[Data in this exercise Boundary: Start]

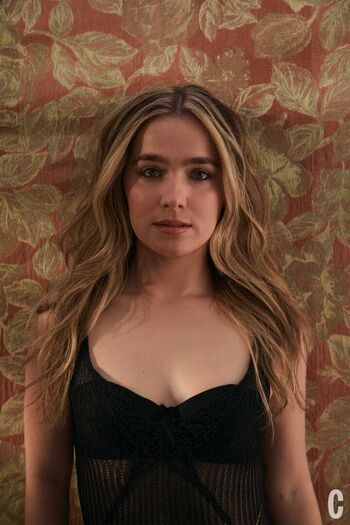 Full leaked Emilia clarke private onlyfans photo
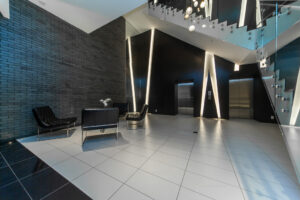 608-125-peter-st-toronto-40
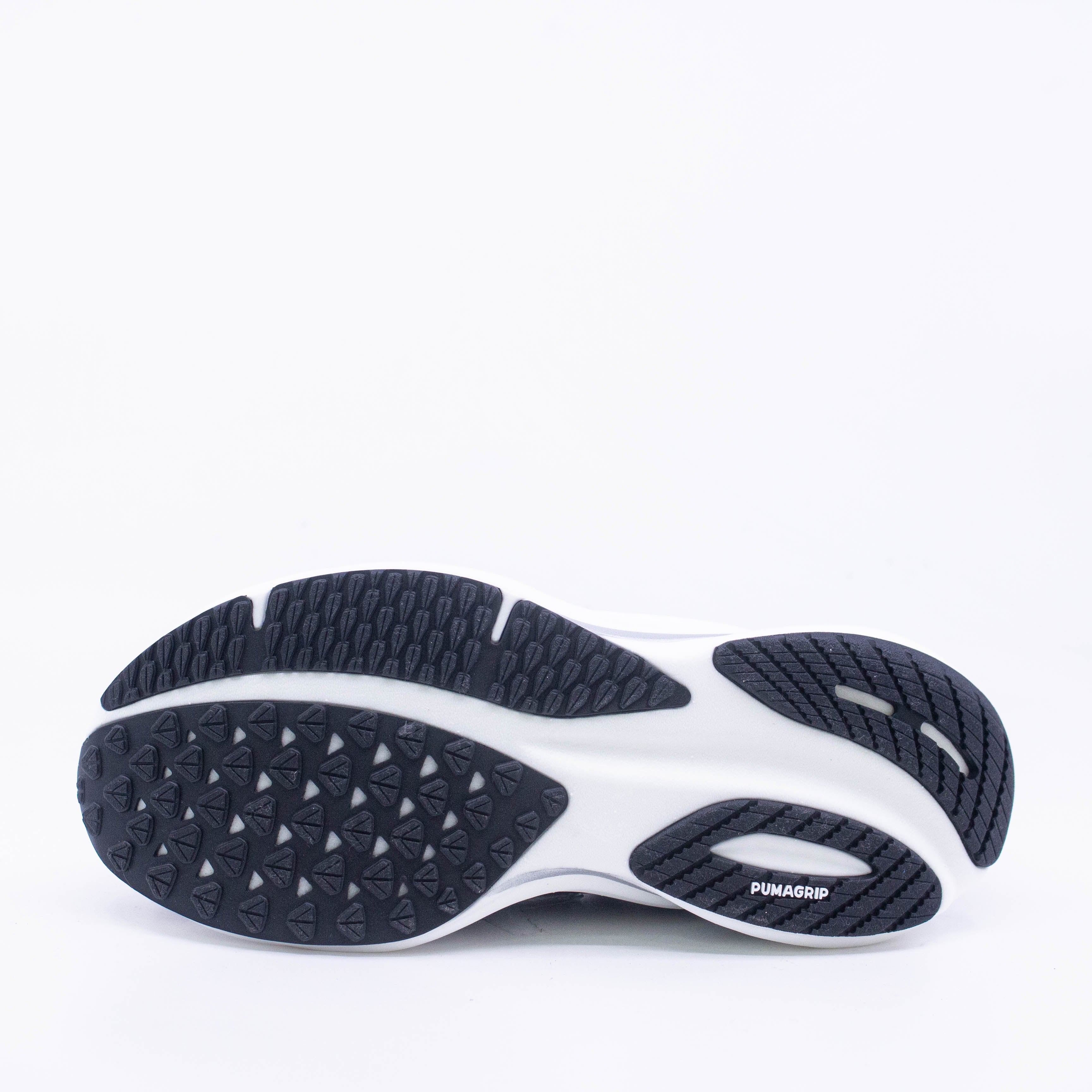 Puma Magnify Nitro 2 (B Standard) Womens - Frontrunner Colombo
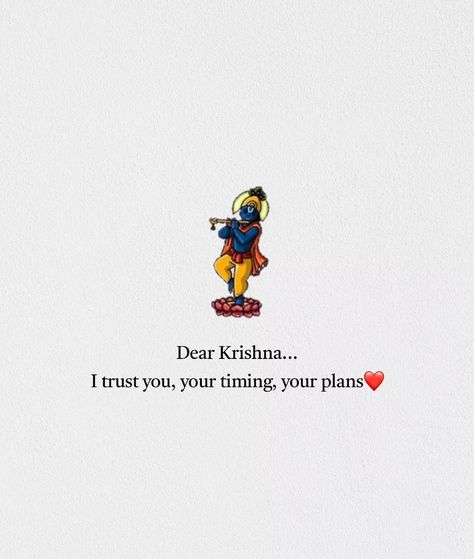 Krishna Quotes In Hindi, Period Humor, Ms Dhoni Wallpapers, Trust Quotes, Radha Krishna Quotes, Hanuman Photos, Gita Quotes, Krishna Book, Good Morning Flowers Gif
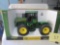 JD 9620 Tractor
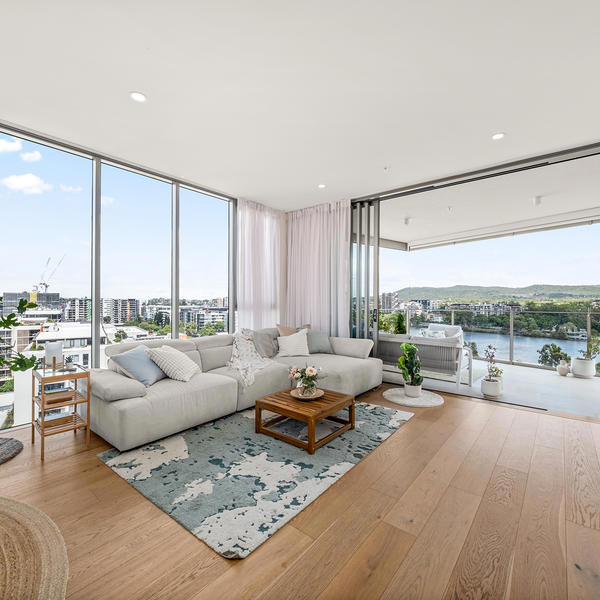 31007/9 Pidgeon Close, West End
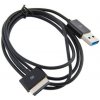 usb kabel Avacom PWRB-CC-ASTF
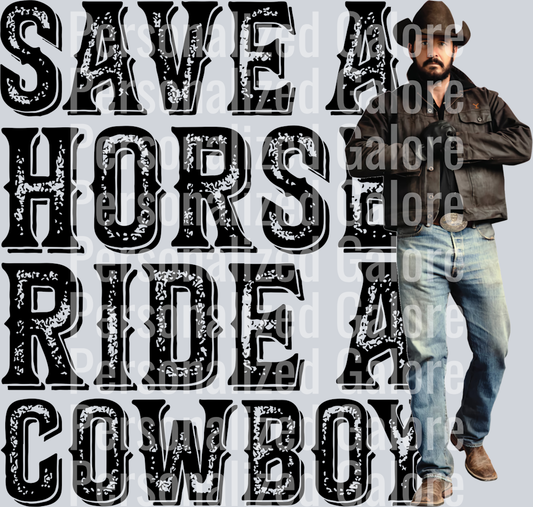 western_218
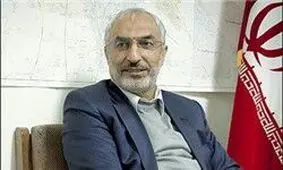 بودجه آموزش و پرورش در سال ۹۶ حدود ۳۳ هزار میلیارد تومان است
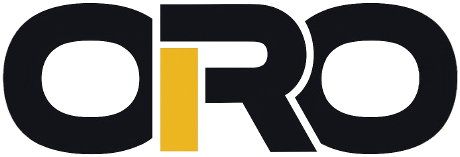 Trioni Gold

[Data in this exercise Boundary: End]

Copy exactly, and copy nothing else: the lines from the one containing "JD 9620 Tractor" through the end of the data, both ends included, with pictures left out.

◆ Answer to the problem
 JD 9620 Tractor
 31007/9 Pidgeon Close, West End
 usb kabel Avacom PWRB-CC-ASTF
 western_218
 بودجه آموزش و پرورش در سال ۹۶ حدود ۳۳ هزار میلیارد تومان است
 Trioni Gold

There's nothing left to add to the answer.